Air Charter Service (ACS) is a global aircraft charter provider with 29 offices around the world in Australia, Brazil, Canada, China, France, Germany, Hong Kong, India, Kazakhstan, Singapore, South Africa, Spain, Switzerland, UAE, UK, and USA.

As a brokerage, Air Charter Service does not own any aircraft, but arranges helicopter, private jet, commercial airline, and cargo aircraft charters. Additional services include Jet Cards for its private jets division, Onboard Couriers and Travel & Concierge.

History 
In 1990, from a basement in the UK town of Kingston upon Thames, Chris Leach set about creating Air Charter Service (ACS).

In 2015 Air Charter Service announced that it would be investing £10 million ($15 million) in charter technology over the course of the next five years.

Chronology 
1990 In the basement of Chris Leach's house, ACS is born.

1993 ACS gets involved in relief operations following Somalia's civil war. Chris Leach works on the ground in war-torn Mogadishu.

1994 ACS charters a number of An-124 aircraft to Rwanda to deliver aid following the genocide.

1995 ACS opens its first overseas offices in Moscow, Russia and an operations base for its new managed fleet in Ostend, Belgium.

1999 On behalf of the Red Cross, ACS creates an air bridge in Kosovo.

2001 ACS rushes aid to Bangladesh following monsoon floods.

2004 ACS expands into the US with the opening of the New York office.

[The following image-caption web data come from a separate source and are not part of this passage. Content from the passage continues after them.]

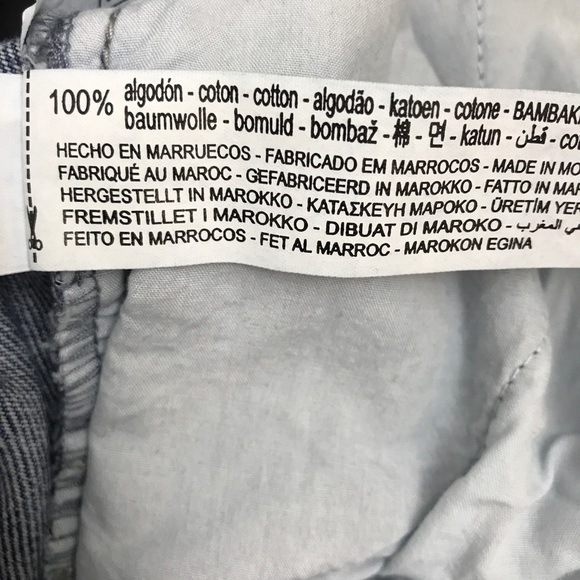 Zara x Disney Toy Story Paperbag High Waisted‎ Jeans Size 8 - Picture 14 of 15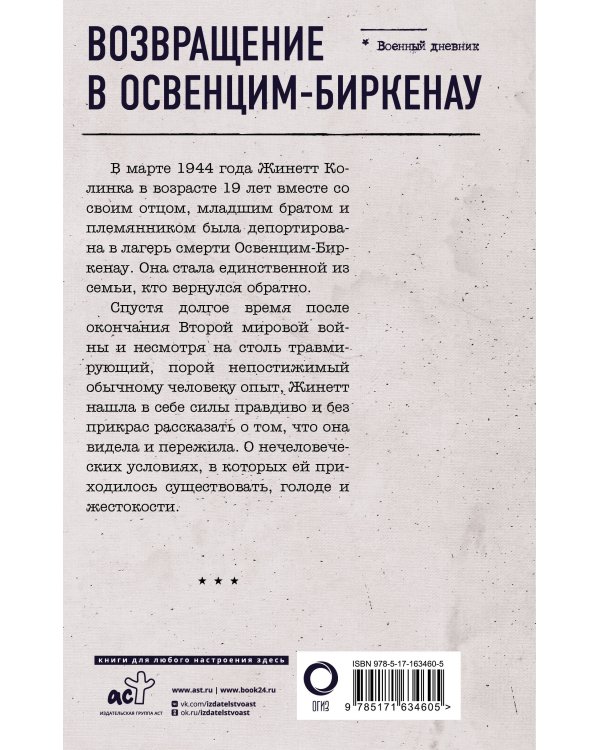 Возвращение в Освенцим-Биркенау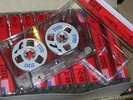 Pack of 10 x Vintage Retro Reel cassette tapes sealed C15 blank for audio copy
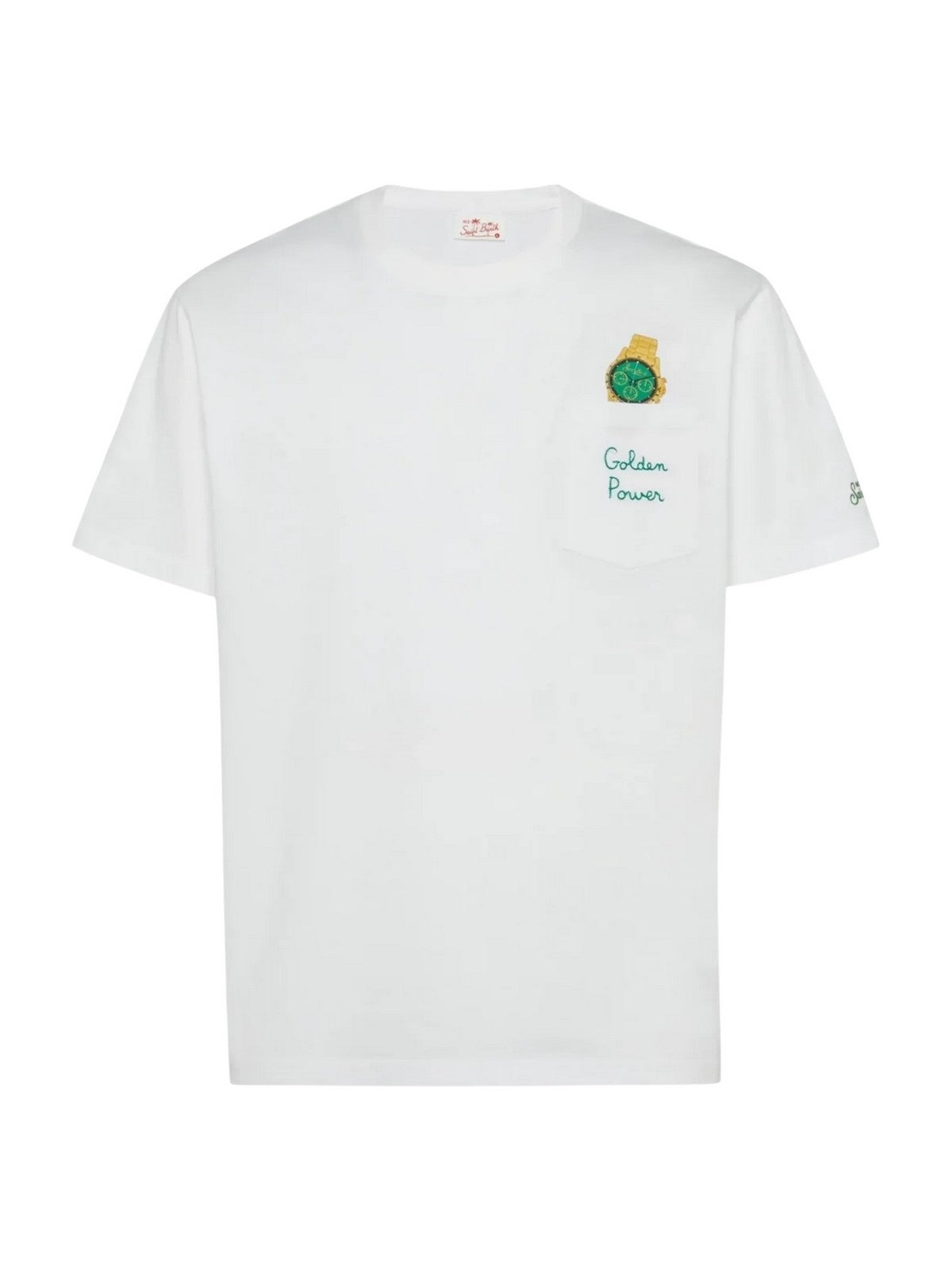 MC2 SAINT BARTH T-shirt Uomo AUSTIN 04344L GOLDEN POWER 01N EMB gioboutiqueweb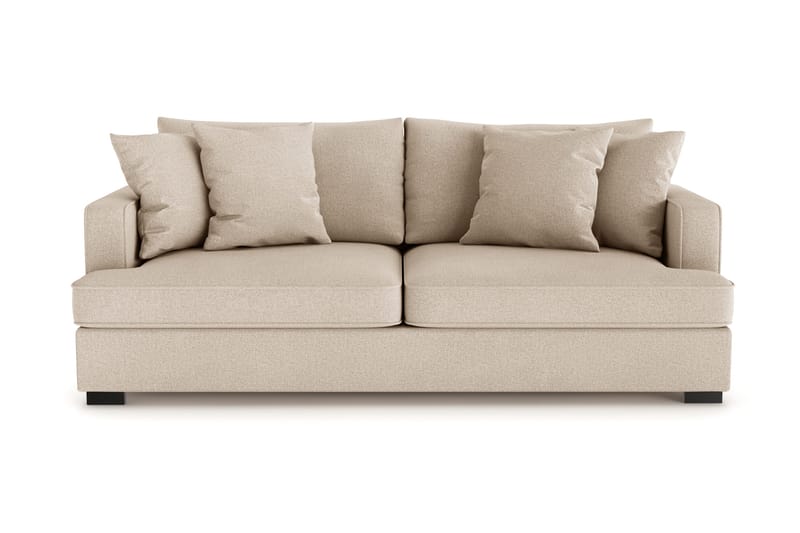 Rossita 3-sits Djup Soffa i Tyg - Beige - Möbler - Soffa - 3 sits soffa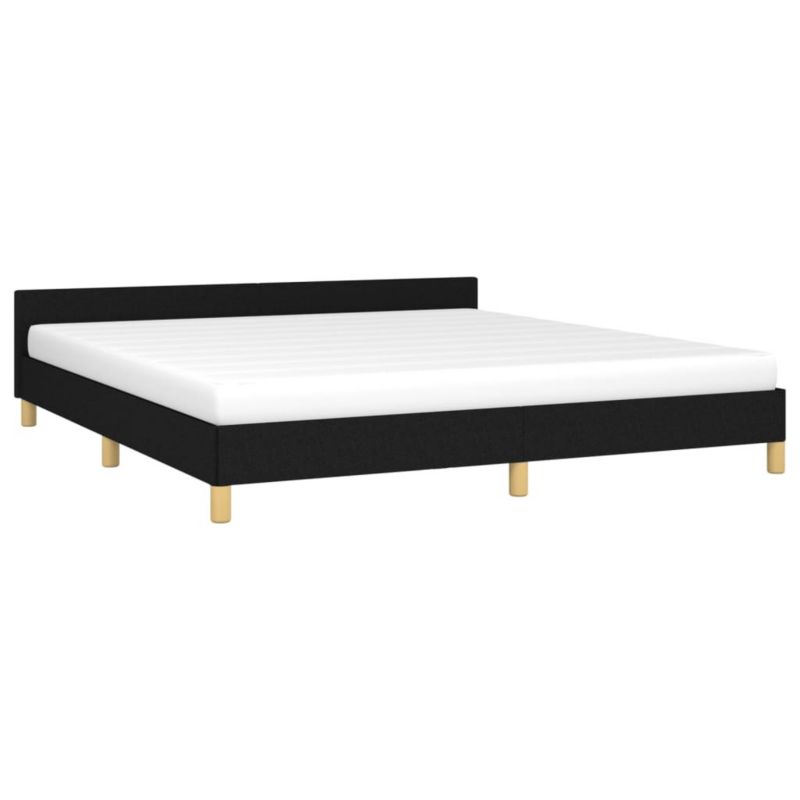 Łóżko tapicerowane WaszeMeble 180x200 cm czarna WM-347433 1 szt.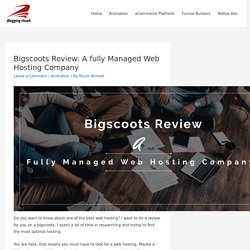 Bigscoots Review: A fully Managed Web Hosting Company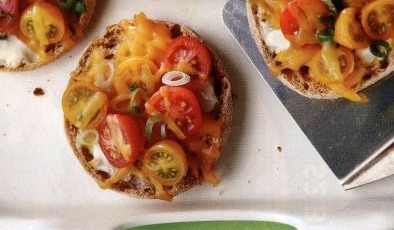 Healthy Breakfast (Hot Tomato Sandwiches)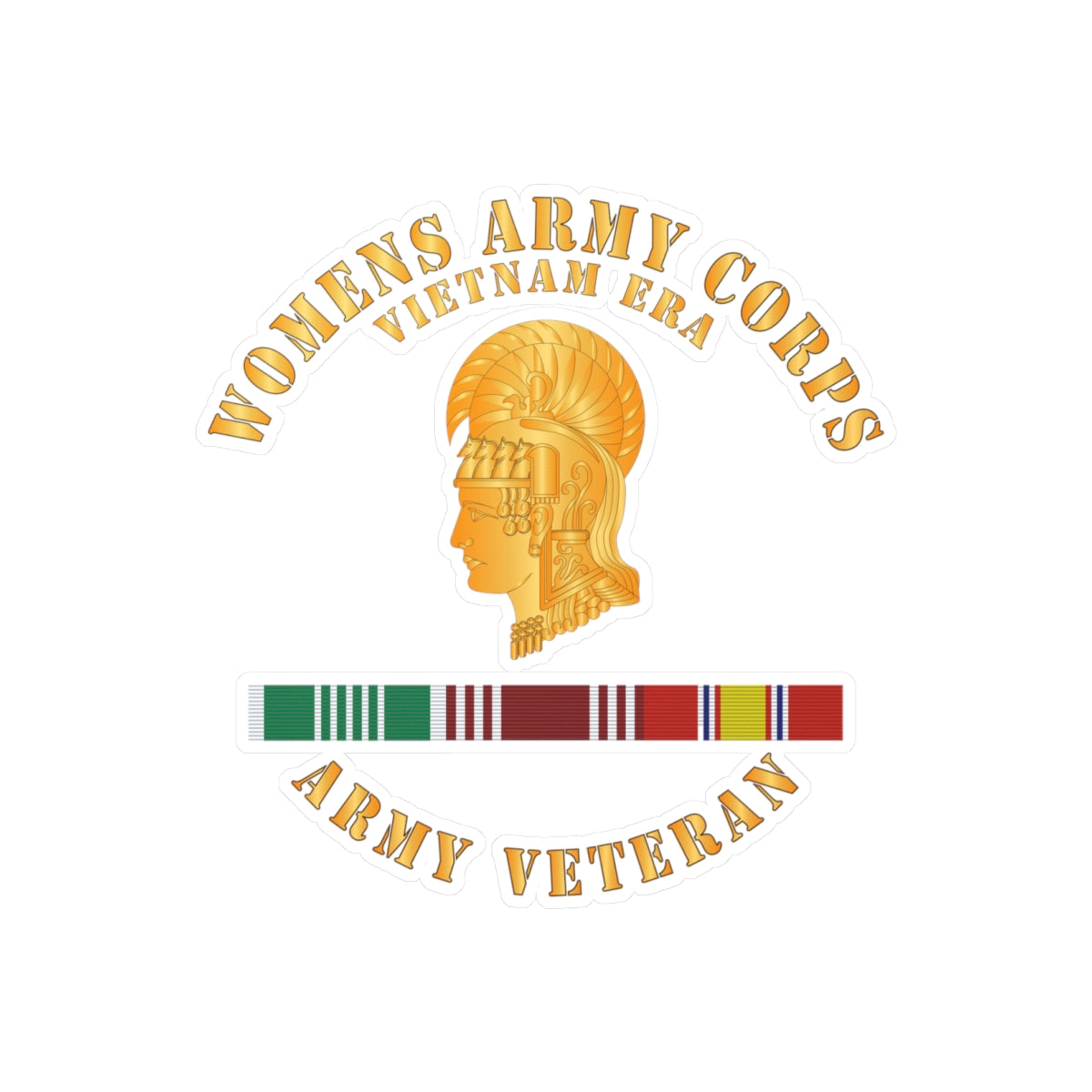 Kiss-Cut Vinyl Decals - Army - Womens Army Corps Vietnam Era - w ARCOM - GCMDL- NDSM X 300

2005 Following the Indian Ocean tsunami, ACS gets heavily involved in completing relief charters and positioning helicopters on long-term lease. ACS enters the Middle Eastern market by opening an office in Dubai.

2006 In response to the Pakistan earthquake, ACS arranges helicopters for the British Government, as well as many other charters for relief agencies.

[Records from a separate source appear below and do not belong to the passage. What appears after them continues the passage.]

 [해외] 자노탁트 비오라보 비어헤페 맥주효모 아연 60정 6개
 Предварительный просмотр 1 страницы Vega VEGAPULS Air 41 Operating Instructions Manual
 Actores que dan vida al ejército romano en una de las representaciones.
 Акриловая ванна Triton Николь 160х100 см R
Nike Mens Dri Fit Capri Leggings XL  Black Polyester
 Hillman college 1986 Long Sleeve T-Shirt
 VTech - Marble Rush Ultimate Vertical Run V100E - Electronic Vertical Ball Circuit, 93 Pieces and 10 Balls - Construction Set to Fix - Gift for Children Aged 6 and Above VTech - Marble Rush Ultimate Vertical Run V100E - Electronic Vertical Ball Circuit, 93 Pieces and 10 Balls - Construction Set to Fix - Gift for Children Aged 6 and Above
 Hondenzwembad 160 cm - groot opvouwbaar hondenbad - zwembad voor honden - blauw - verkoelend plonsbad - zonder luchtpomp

2007 ACS expands its European presence, opening offices in Spain.

2008 ACS establishes a foothold in the Asian market with an operation in Hong Kong.

2009 ACS continues its continental expansion, opening an office in South Africa and also increases its European presence with an office in France.

2010 ACS opens four new offices in Germany, Canada, Brazil and a second one for Russia in St Petersburg. 100 cargo and passenger charters are organised to deliver aid and key personnel to Haiti following the devastating earthquake. Following the volcanic ash cloud from Iceland hundreds of aircraft are chartered after European airspace reopens.

2011 ACS expands its coverage in USA, with the opening of the Los Angeles office. Over 15,000 people evacuated from Libya, Egypt and Tunisia on ACS chartered aircraft.

2012 Launch of the jet card division and subsequent products. ACS opens offices in India, China and Kazakhstan ACS arranges regular civilian passenger flights between the UK and the Falkland Islands, coordinating regular rotations throughout the year.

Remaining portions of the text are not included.